US10Y – Yields Falling But Long Term Demand Expected To Fall

US10Y_140414W1

US yields have gone down in recent weeks, pulling away from the fabled 3.00% line in the sand due to a myriad of reasons.

On the economic front, we have weaker than expected US NFP numbers, while minutes of latest FOMC meeting reflected a more dovish Fed than expected, favoring higher bond prices.

Social political factors aren’t encouraging either – Ukraine has just declared they will be rolling out a “large-scale antiterrorist operation” in response to the armed protests sprouting across the eastern region which borders Russia. Unlike the much more peaceful referendum seen in Crimea, Ukraine seems bent on using military efforts to thwart current uprising with President Olekasndr Turchynov saying that they will prevent “the repetition of the Crimean scenario” during a televised address on Sunday. Unfortunately it seems that Russia is going for tic for tac, with reports suggesting that up to 40,000 Russian troops have been amassed along Ukraine borders ready to march in if necessary. This may all turn up to be a hoax, but it is genuine enough that U.N. security council has called for an emergency meeting to address the situation. With the sound of war drumming nearer, it is no surprise that safe haven flow has been pumping commodities such as Gold and Oil higher, while traders are flocking to USD and US Treasuries for safe keeping.

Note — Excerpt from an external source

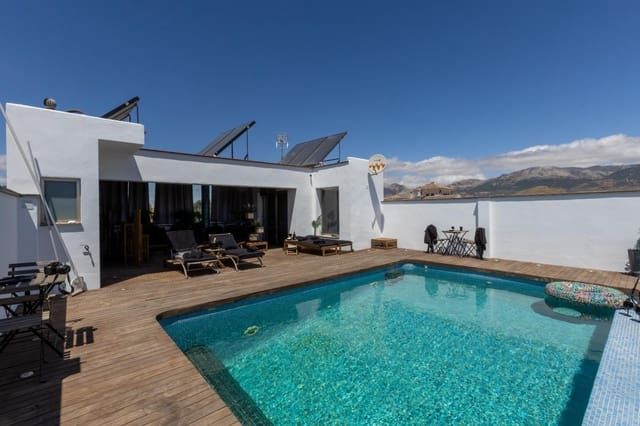4 soveværelse Villa til salg i Colmenar med garage - € 649.000 (Ref: 9128527)
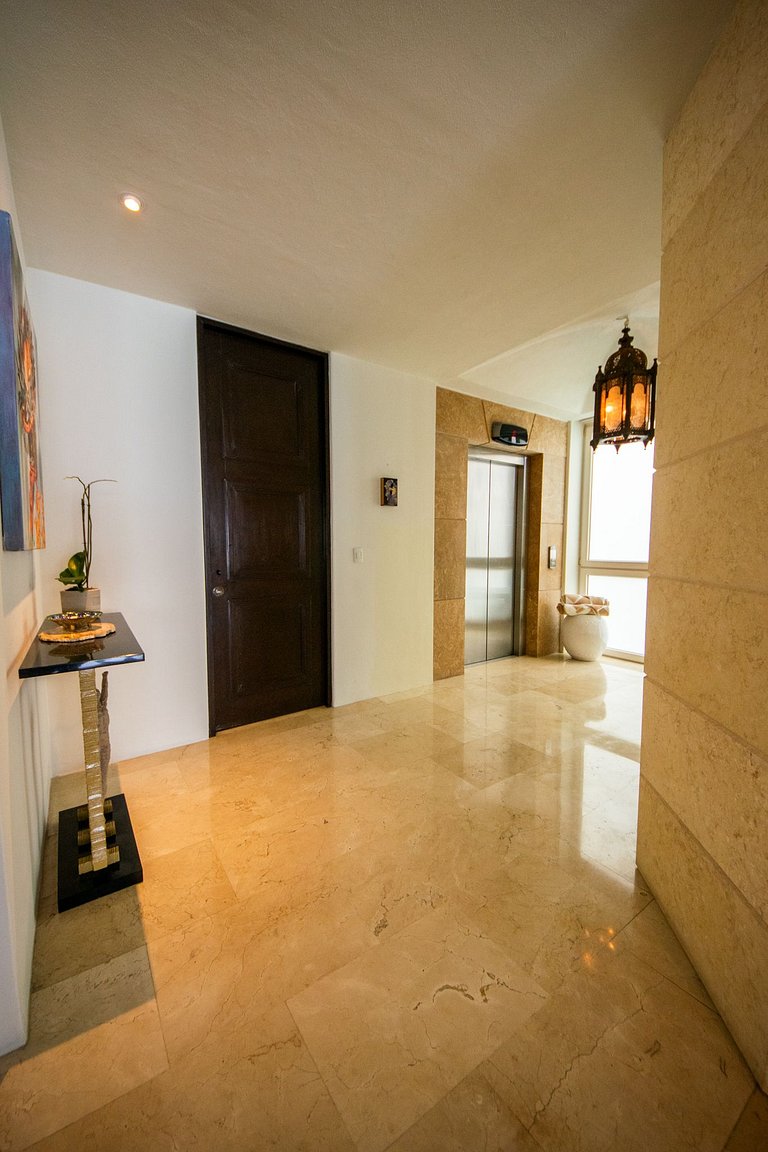 Oceanfront Escape with Los Arcos View - 3BR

Where does that bring us? Implied yield is currently standing at just under 2.62% while 10Y short-dated Futures are just under 126.0 round figure. From a price action perspective, staying below 126.0 suggest that long-term bearish trend remains in play since prices is staying below the descending trendline and perhaps more importantly below the 2014 high. Looking for a relative yield perspective, 2.62% is also not really that low considering that we were trading at 1.63% just under a year ago. Furthermore, there is also a “support” level seen at the 2.5% implied yield level (not visible from chart), suggesting that trend has not reversed.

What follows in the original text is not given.